The Common Good
March 2005

Beyond 'Certitudes and Order'

by Richard Rohr | March 2005

The vatican's management problem.

I am told that Karl Rahner, the German Jesuit theologian who was an expert at Vatican II, concluded toward the end of his life that there were two major groups of people in the world - those who want certitude and those who want understanding. I would very much agree with that, and just add that those two groups have a very hard time understanding one another! I think we saw some of that in last fall’s election process.

My great fear and sadness is that if the Catholic Church continues on its present course, it will largely be peopled by people in the first group. An enclave of settled and certain people will serve a real need in history and culture. But it is not the "one, holy, catholic, and apostolic" church that the gospel needs and the world so wants to admire.

I do not see a pattern of natural or strong leaders, creative, or risk-taking people being ordained in the Catholic Church in the last 15 years, nor do I see the same being appointed to the episcopacy. I know the Holy Spirit can do anything, and often does, but just speaking structurally, it is a sure recipe for a failing company or institution. Rigid people finally turn against one another and against the success of the mission. Circling the wagons produces a superior and safe identity, but it does not really make sense unless you are under attack, afraid, or still in the first half of life. I had hoped this ancient and wise institution would be beyond all of these. After all, it was the Catholic Church that educated me to think this way.
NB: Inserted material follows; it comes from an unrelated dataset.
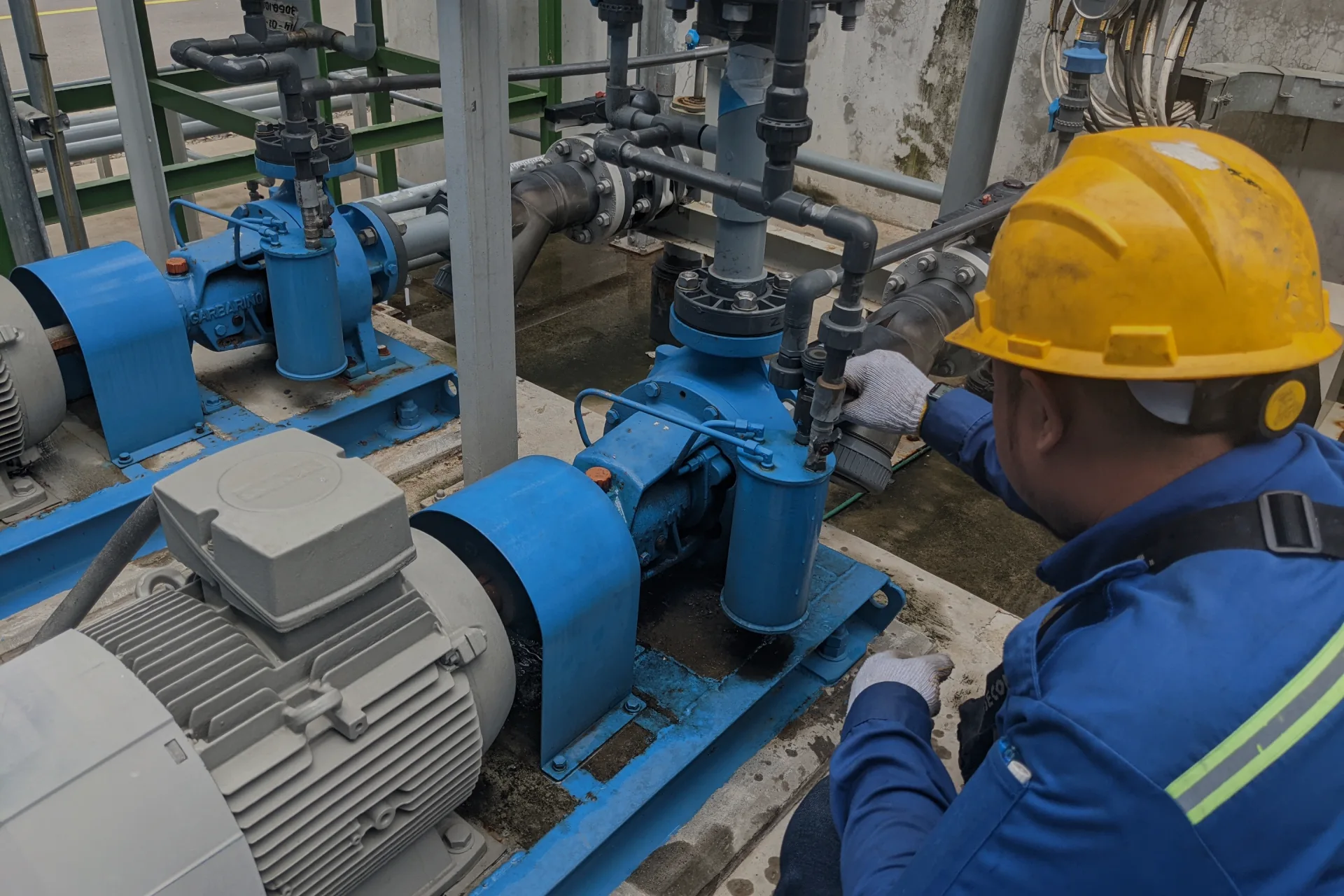 Arbetare vid blå pumpmaskin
My disappointment in the present pope is that he has said and written many fine and courageous things that will stand the test of time, but he tends to preserve the heroic gesture for himself (praying in synagogues, kissing the ground of "alien" territories, visiting mosques, proclaiming a gospel of justice for the poor, condemning our war, criticizing both communism and capitalism), but it is quite clear that he does not appoint cardinals or bishops or call forth a church culture that does much of the same - which is a self-defeating management style. He himself always looks larger than life, but anybody who actually imitates him is invariably suspect and usually marginalized. A strong leader normally appoints other strong leaders. We have become more and more an exclusionary institution, all in the name of a Jesus who told us to "go out to the crossroads and invite everyone to the wedding feast." And "they collected everyone they could, good and bad alike" (Matthew 22:9-10). Our present list of necessary "purity codes" has little gospel support and does not speak to mature people in the second half of life.

Rome’s record of appointing very limited leadership worldwide is visible to all. Not bridge builders to a larger world, but wagon circlers around a world where we are in charge: Catholic mythology more important than honest scholarship. Group loyalty and verbal orthodoxy more important than the lived faith of "orthopraxy." Pious and private devotions more encouraged than scripture. I think John Paul II is much more a "philosopher pope" than a pastoral fisher of men and women, yet the irony is that he is not appointing nor attracting self critical thinkers, much less outsiders. Statistically, the crowds that he gathers are the already "converted" choir.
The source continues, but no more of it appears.